One level down there was a choice between butter cookies and Triscuits, so I
took the flavoured horse feed. I took a box of those “Chock Full o’ Nuts”
coffee pods. I’ve discovered that inside is just real ground coffee, so I can
open them up and pour the contents into my French Press.
From the second shelf I still didn’t want
any pasta, rice or sauce but I noticed that there was only one can of sauce
anyway. At the bottom there was a choice between fruit juice gummy treats with
some corn syrup in them and some relatively healthy looking candy bars called
“Feast”. I took the bars, but later when I ate one I got that fuzzy feeling in
my head that I get when I eat anything that’s artificially sweetened. I read
the ingredients, but didn’t see any artificial sweeteners that I was familiar
with on the list. I thought that maybe I’d been mistaken, so I ate another one
and got the same feeling. I looked at the ingredients again and found two names
that I didn’t recognize. I looked up “inulin” and found that it’s usually
extracted from chicory and though it can be used to replace sugar, it’s only
ten percent as sweet. Then I searched “stevia” and bingo! It’s 150 times
sweeter than sugar and so I’m sure that’s what gave me the headache.

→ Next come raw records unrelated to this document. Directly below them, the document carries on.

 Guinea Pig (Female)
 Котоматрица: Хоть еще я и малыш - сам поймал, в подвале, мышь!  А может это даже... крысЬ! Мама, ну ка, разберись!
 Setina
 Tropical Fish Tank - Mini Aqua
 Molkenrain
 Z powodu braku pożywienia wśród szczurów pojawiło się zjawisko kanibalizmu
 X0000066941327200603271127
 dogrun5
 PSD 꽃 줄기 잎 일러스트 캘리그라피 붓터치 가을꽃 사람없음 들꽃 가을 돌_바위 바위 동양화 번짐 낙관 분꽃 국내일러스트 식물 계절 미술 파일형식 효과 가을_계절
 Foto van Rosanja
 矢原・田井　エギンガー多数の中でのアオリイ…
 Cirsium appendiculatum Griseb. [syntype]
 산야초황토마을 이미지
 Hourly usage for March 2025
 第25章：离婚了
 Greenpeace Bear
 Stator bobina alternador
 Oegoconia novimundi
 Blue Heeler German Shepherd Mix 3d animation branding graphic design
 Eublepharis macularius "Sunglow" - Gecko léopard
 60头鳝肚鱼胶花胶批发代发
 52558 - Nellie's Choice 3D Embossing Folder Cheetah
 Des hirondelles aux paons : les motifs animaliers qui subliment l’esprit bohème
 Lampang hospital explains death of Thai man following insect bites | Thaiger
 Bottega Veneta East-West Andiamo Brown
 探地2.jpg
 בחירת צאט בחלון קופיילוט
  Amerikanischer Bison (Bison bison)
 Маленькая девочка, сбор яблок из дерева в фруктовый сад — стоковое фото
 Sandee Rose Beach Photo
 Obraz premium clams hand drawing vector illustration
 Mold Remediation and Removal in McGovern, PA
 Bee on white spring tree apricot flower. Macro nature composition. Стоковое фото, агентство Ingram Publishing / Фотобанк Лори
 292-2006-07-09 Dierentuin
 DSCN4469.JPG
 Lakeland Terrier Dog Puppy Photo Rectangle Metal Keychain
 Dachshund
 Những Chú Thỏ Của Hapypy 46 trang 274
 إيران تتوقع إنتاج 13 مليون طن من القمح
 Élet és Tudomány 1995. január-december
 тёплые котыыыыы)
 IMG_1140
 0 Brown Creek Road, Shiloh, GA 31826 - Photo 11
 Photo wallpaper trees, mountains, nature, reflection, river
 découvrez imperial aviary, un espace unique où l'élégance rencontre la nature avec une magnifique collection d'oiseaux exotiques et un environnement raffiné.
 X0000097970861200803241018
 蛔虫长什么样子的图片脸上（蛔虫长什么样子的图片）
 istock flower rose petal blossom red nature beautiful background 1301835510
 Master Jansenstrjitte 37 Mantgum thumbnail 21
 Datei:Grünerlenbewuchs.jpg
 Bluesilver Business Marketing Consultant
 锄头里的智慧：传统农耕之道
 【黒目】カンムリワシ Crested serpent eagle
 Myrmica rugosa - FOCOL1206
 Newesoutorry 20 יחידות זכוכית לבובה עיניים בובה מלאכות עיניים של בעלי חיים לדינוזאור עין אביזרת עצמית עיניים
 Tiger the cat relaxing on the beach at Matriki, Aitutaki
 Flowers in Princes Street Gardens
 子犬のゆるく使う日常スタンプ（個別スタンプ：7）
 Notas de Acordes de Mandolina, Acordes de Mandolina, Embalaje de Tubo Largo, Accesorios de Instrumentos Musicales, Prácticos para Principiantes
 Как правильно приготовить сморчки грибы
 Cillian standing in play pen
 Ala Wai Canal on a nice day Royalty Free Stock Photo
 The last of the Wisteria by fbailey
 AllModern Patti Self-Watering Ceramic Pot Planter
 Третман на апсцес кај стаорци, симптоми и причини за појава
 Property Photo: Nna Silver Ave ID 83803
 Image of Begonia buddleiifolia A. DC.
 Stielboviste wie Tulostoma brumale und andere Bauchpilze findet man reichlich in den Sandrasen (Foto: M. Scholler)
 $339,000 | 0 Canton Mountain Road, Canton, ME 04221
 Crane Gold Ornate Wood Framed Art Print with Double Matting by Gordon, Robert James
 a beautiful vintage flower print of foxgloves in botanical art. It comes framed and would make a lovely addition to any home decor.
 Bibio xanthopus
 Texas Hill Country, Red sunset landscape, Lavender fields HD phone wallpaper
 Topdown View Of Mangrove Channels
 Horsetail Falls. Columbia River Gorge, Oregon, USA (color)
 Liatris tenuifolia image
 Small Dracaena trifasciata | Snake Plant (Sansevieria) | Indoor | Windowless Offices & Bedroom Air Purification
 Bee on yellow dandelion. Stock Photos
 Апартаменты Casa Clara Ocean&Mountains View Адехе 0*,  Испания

On top of the third shelf I selected one
of Campbell’s gourmet butternut squash soups. I noticed when I got home though
that the division of Campbell’s that made the soup was called “Gardennay”,
while another Campbell’s gourmet butternut squash soup that I’d previously
picked up, with identical ingredients, had the name “Every Day Gourmet” but up
in the corner of the box it said, “formerly Gardennay”. This led me to check
the best-before dates on both boxes. The Every Day Gourmet soup expires this
fall, whereas the Gardennay expired a year and a half ago.
Another soup I took was a package of
dehydrated vegetables from a Polish company named Kucharek. It still had a
price tag of $2.09 from the Polka European Delicatessen in Scarborough.
I also took a can of chunky chilli.
At the bottom there were more of those
Nature’s Child squeezable containers of applesauce. After I said I liked those,
Bruce gave me four of them.
On top of the last shelf, in packaging
that made them look more like potato chips than breakfast food, were bags of
Cheerios Plus Honey Almond cereal. I took one of those.
The young woman who was replacing Sue
that day in distributing the refrigerated food offered me some flavoured zero
fat yogourt, but I knew automatically that it would have to be artificially
sweetened, so I turned it down. I also passed on a Blue Menu quinoa chicken
frozen dinner, as I already had one exactly like it in the freezer at home, and
not a lot of room to store any extras. I did though take a bag of homemade
fruit flavoured granola. There was no meat or substantial dairy this time
around. In the bread section I got a loaf of raisin bread and then three not
very crisp apples from the vegetable lady.
Backtracking a few minutes, Bruce had asked me
if I wanted microwave oatmeal, but I told him I didn’t have a microwave
anymore. I had gotten one when my daughter had been old enough to be left on
her own but still too young to use the stove. Coincidentally mine broke down
shortly after Astrid moved out but I didn’t feel any particular need to replace
it. Bruce said he’d gotten a microwave to heat things up too, but he doesn’t
think they are safe. I don’t think there’s any evidence that microwaves are
unsafe if they haven’t been damaged, but there was no time to argue that point.
He added that he prefers to cook the old fashioned way. The young woman in the
cold section across the aisle, having only heard part of the conversation,
asked Bruce, “Did you just say that microwaves are old fashioned?”